In one study described in the paper, the researchers explored associations between genetic risk scores and autoimmune diseases in both hospital records and patient reports. They claim that by analyzing genetic risk scores associated with autoimmune diseases they could show the extent of "genetic sharing" among these diseases as well as "expose differences in disease perception or diagnosis with potential clinical implications."

For example, the researchers found an association between thyroid disorders and increased risk for various autoimmune conditions that was not expected. "It suggests that there is a shared component among all these autoimmune diseases which also manifests, maybe at a much lower level of the problem, as disorders of the thyroid," McVean said.

They also reported differences in some cases between self-reported data and hospitalization data. "We devised a way of saying how close to clinical phenotype is the information that you get from routine hospital data or self-reporting, and typically the accuracy was higher from self-reporting than it was from hospitalization," McVean said. This was true for cases of patients with multiple sclerosis. What these results suggest is that "if you wanted to do a high-throughput way of trying to work out who's got multiple sclerosis, then you are much better off asking people than you are peering into their hospital records."
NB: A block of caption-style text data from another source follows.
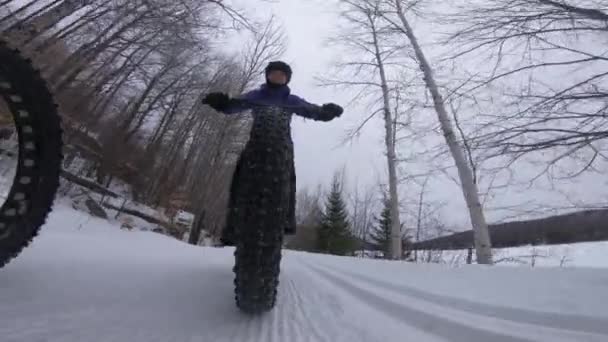 Fat bike in winter. Fat biker riding bicycle in the snow in winter. Close up action shot of fat tire bike wheels in the snow. Woman living healthy winter sports lifestyle. Shot on action camera. — Stock Video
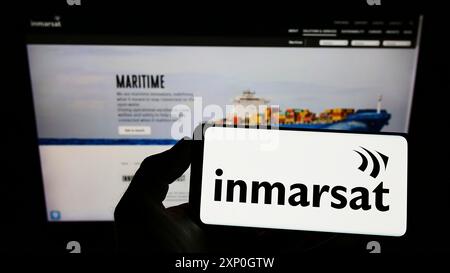 Person, die ein Mobiltelefon mit dem Logo des Satellitenunternehmens Inmarsat Global Limited auf dem Bildschirm vor der Unternehmenswebseite hält. Schwerpunkt auf dem Display des Telefons Stockfoto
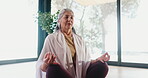 Calm, meditation and yoga with mature woman in studio for balance, mental health or wellness. Mudra, quiet and zen with yogi person on floor for awareness, inner peace or mindfulness exercise
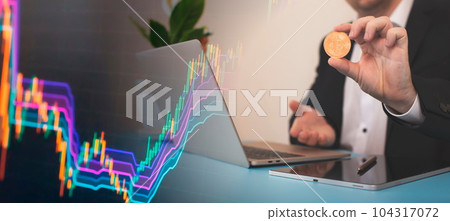 Laptop with chart and bitcoin in hands. Cryptocurrency gold coin, stock exchange graph background. 104317072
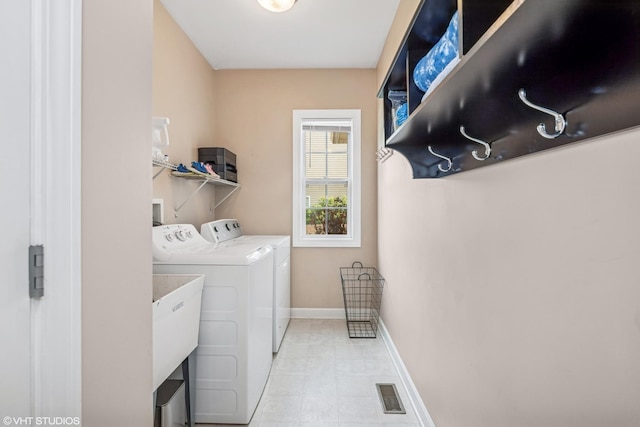 1755 Goldsboro Ln, Crystal Lake, IL 60014 - washroom with washing machine and dryer and baseboards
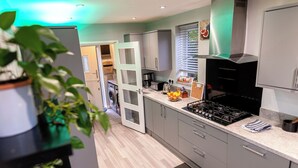 A modern kitchen with grey cabinets, a black stove, and a window with blinds. - Beautiful Wythenshawe Home Near Airport With Garden & Parking Sleeps 5 (Manchester)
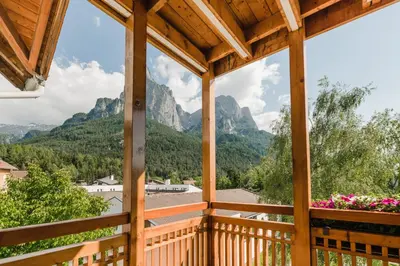 a view from a porch with mountains in the background at Residence Erika - Apartments, Breakfast & Sauna in Siusi
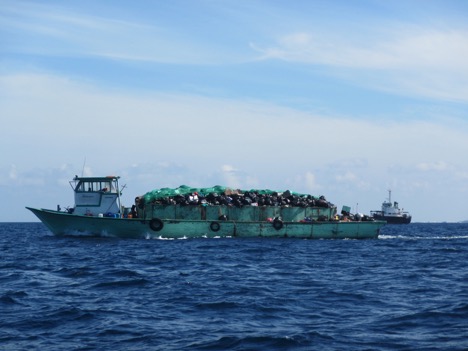 A barge bringing waste to be burned to Thilafushi, nicknamed “Trash Island.”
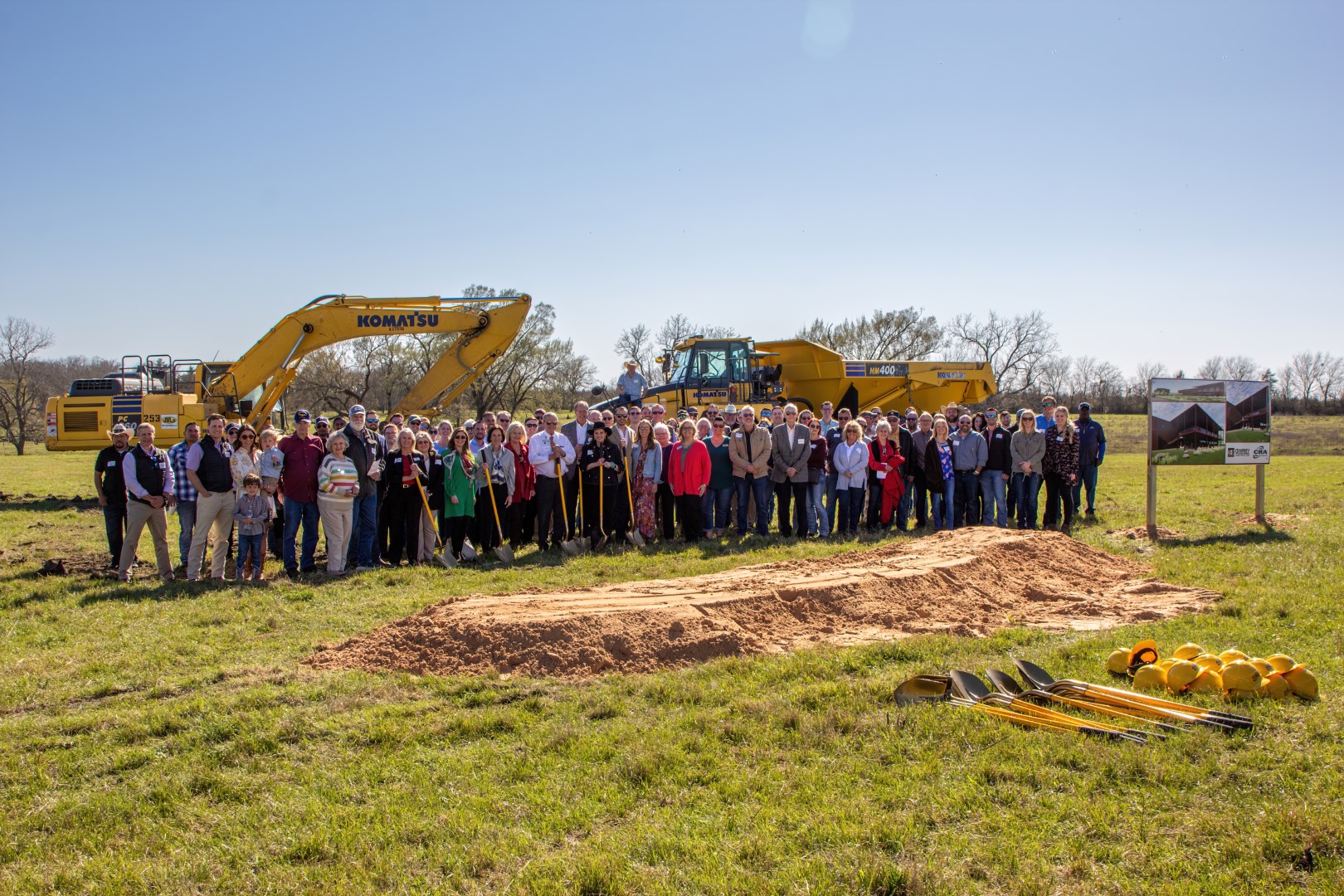 Corrosion Resistant Alloys groundbreaking - people in front of earth moving equipment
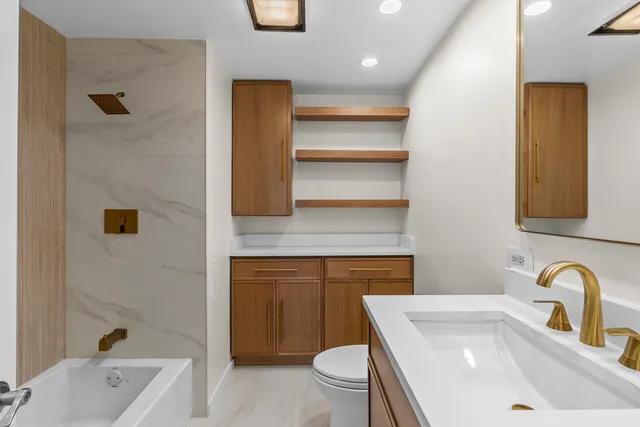 a bathroom with a sink a toilet and bathtub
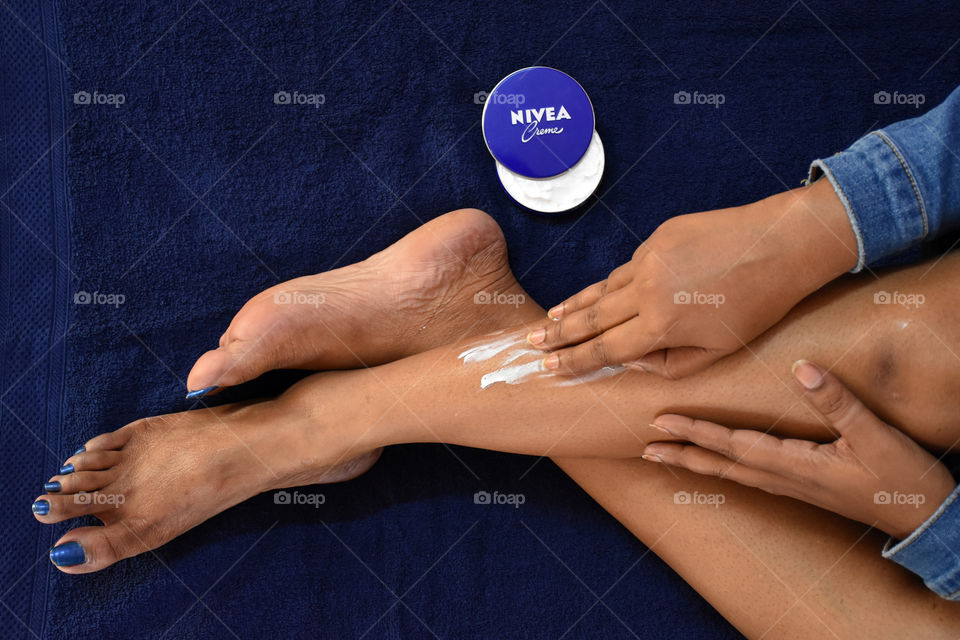 applying nivea cream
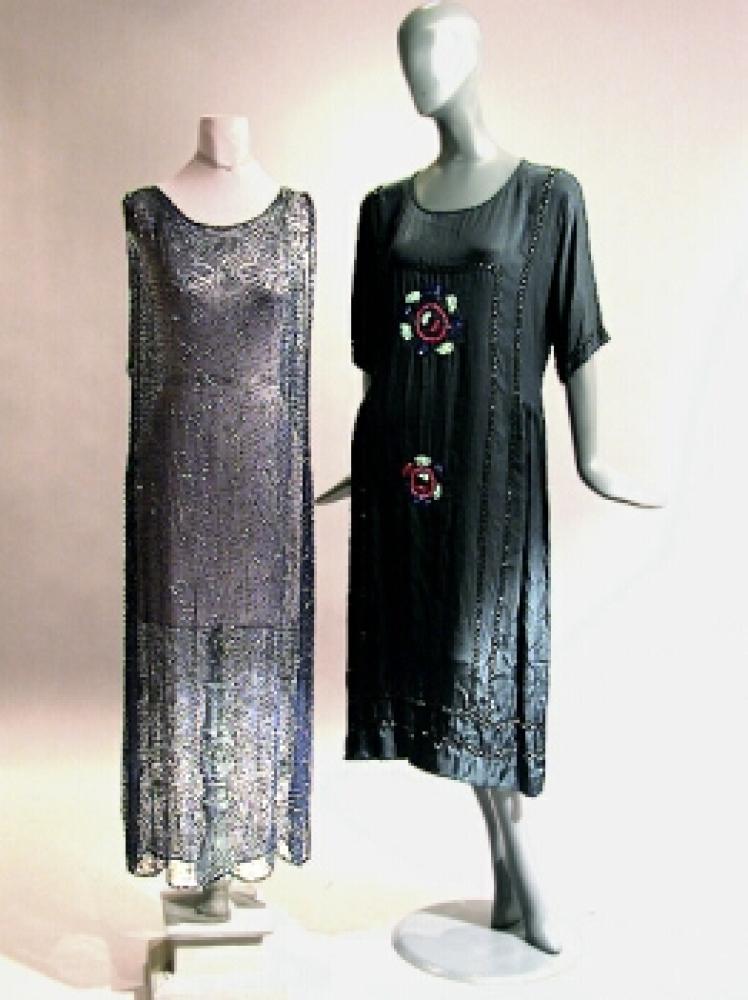 Two Vintage Dresses

Lot 505
Two Vintage Dresses
 1920s 
 The first, a navy sheath of sheer chiffon beaded throughout; the second, a black satin drop waist with black bugle bead trim and abstract multicolored flower in the center of the front and back. 
Each good condition.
There were however some instances where hospital records proved much more useful. For example, in lupus cases, while the genetic support for the disease was quite weak, hospital records which include details about diagnosis and hospitalizations for the disease provided a much stronger signal.
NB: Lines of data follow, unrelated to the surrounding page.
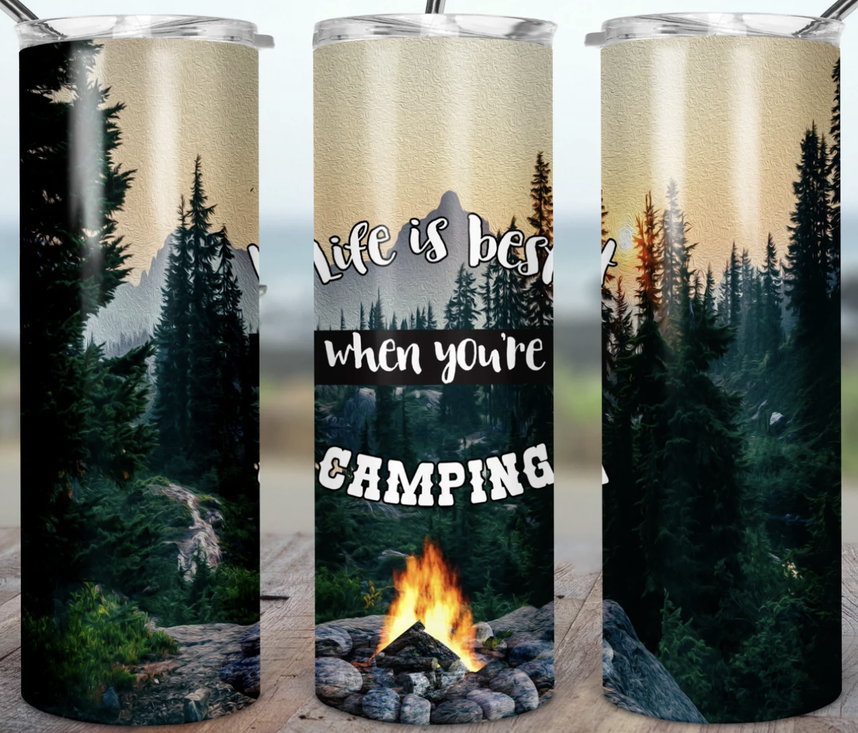Stainless steel camping tumbler with forest trees and campfire graphic
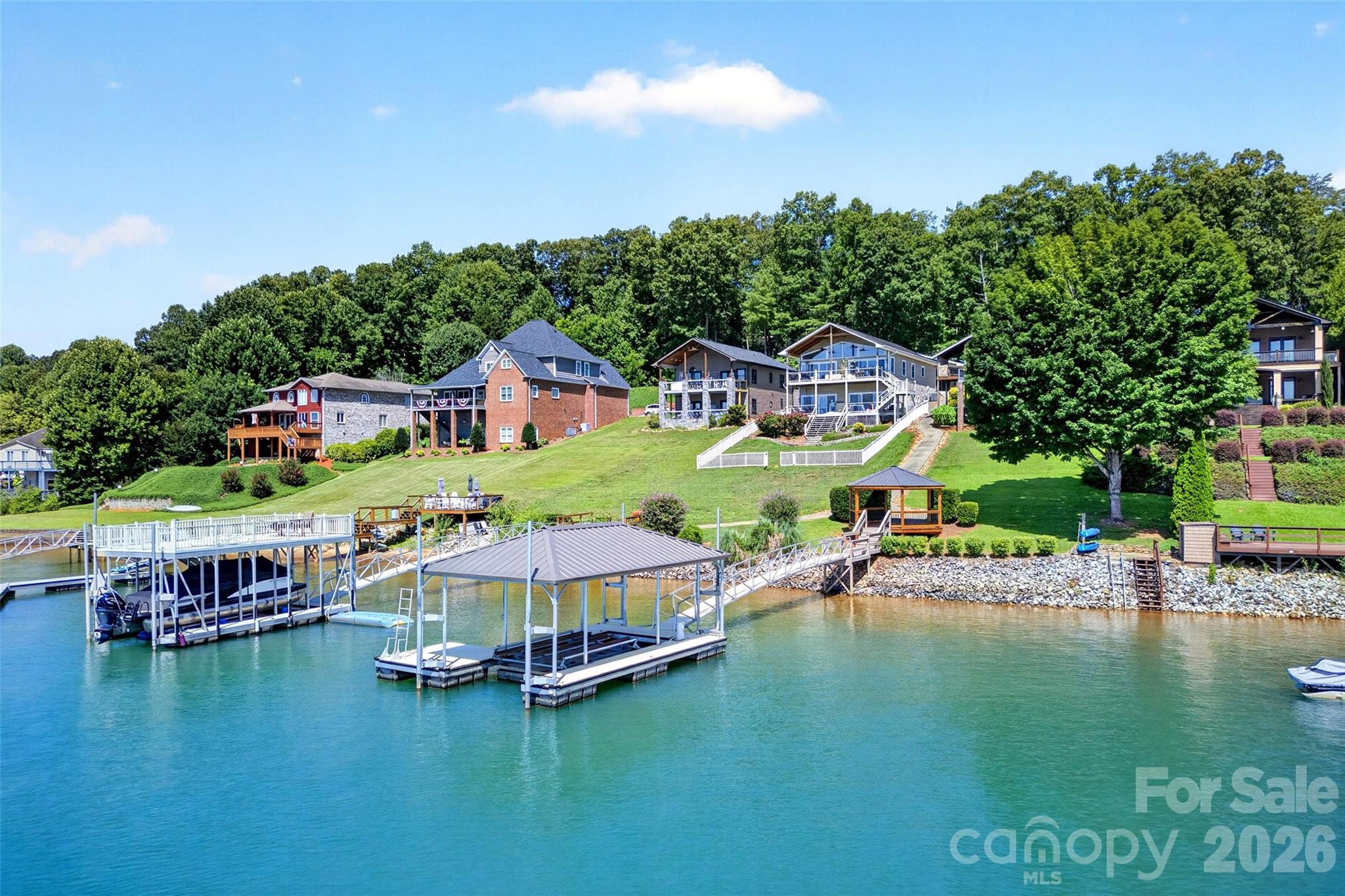 Aerial of the Marion Lake Club shoreline showing neighboring docks and the peninsula setting. - 831 Lake Club Drive, Nebo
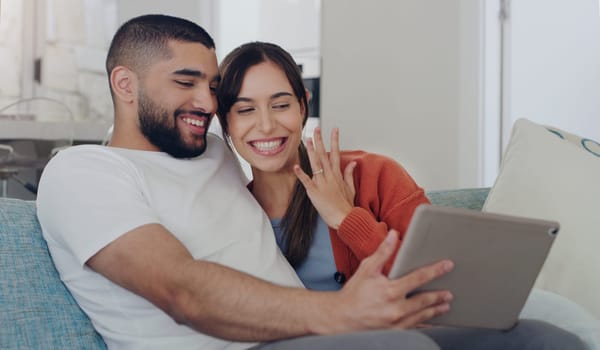 Engagement, announcement and a couple on a video call from a sofa in the living room of their home together. Smile, proud or excited with a happy man and woman sharing good news about their marriage.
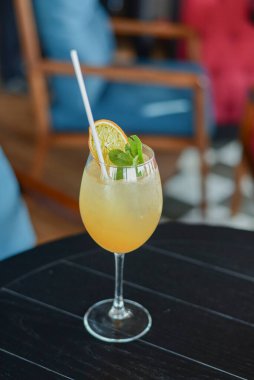 Buzlu ve portakallı soğuk yaz alkollü kokteyli ahşap masada, bulanık restoran arka planında uzun bir bardakta..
To showcase the benefits of their method over existing strategies, the researchers compared TreeWAS results to those from phenome-wide association studies of the same allele. Specifically, they searched for associations between the HLA-B*27:05 allele and ICD-10 codes used in the UK Biobank dataset using both approaches. The aforementioned allele is associated with ankylosing spondylitis and also confers risk for conditions such as reactive arthritis and psoriatic arthritis.
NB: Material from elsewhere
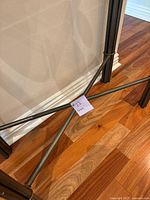 Close-up photo of metal cross brace detail on the legs with a 22-inch note for reference.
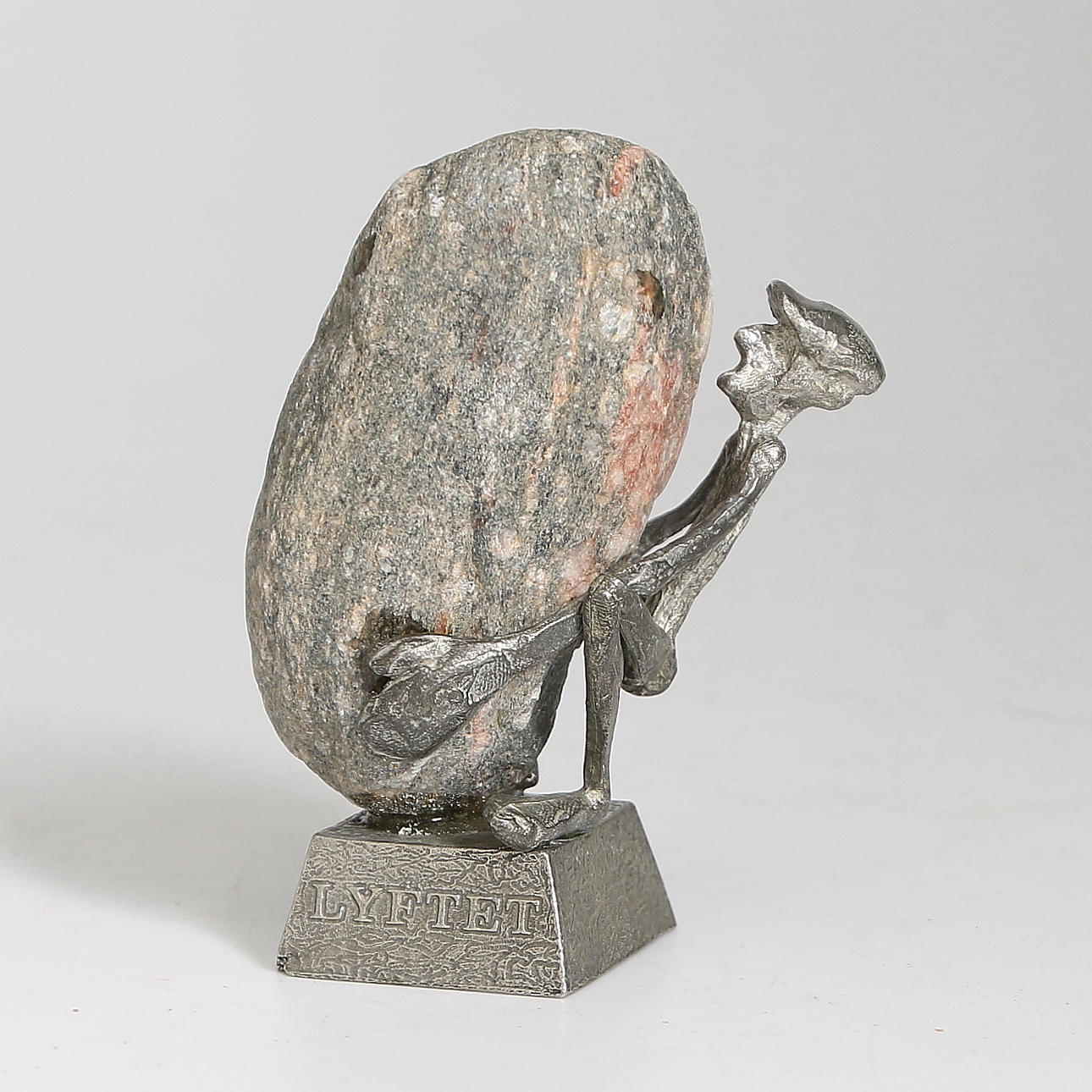 HENRY GUSTAFSSON, skulptur, sten och tenn, "Lyftet", signerad.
Using the PheWAS approach, the researchers correlated the allele to six ICD-10 codes; however, it missed associations with terms that had more detailed clinical descriptions and low prevalence in the data sets, such as M45.X6 ankylosing spondylitis with lumbar spine involvement. In contrast, TreeWAS identified associations with 145 ICD-10 codes. That list included both known and several new associations.

For their next steps, McVean and his colleagues are looking to use their method to try to find new pathways for therapeutic interventions. They'll also seek to incorporate longitudinal data into their association analyses. 

"Now that the databank has been released, we are going through every variant in the genome and looking to see what it's associated with," McVean said. This will hopefully help the researchers to identify the underlying network structure that relates variants to genetic disorders and highlight pathways that could serve as therapeutic targets for disease. Furthermore, they want to bring in additional information such as disease onset and progression data, combine it with the genetic information and try to make better choices about which treatments to give patients as well as to improve disease diagnoses.

"I think we'll stay in the autoimmune space but the techniques that we develop are very generic [and] will be useful to people in many different spaces," McVean said. So far, the method is being used on data from US-based biobanks in New York and elsewhere as well as by researchers in China to analyze data contained in Chinese biobanks.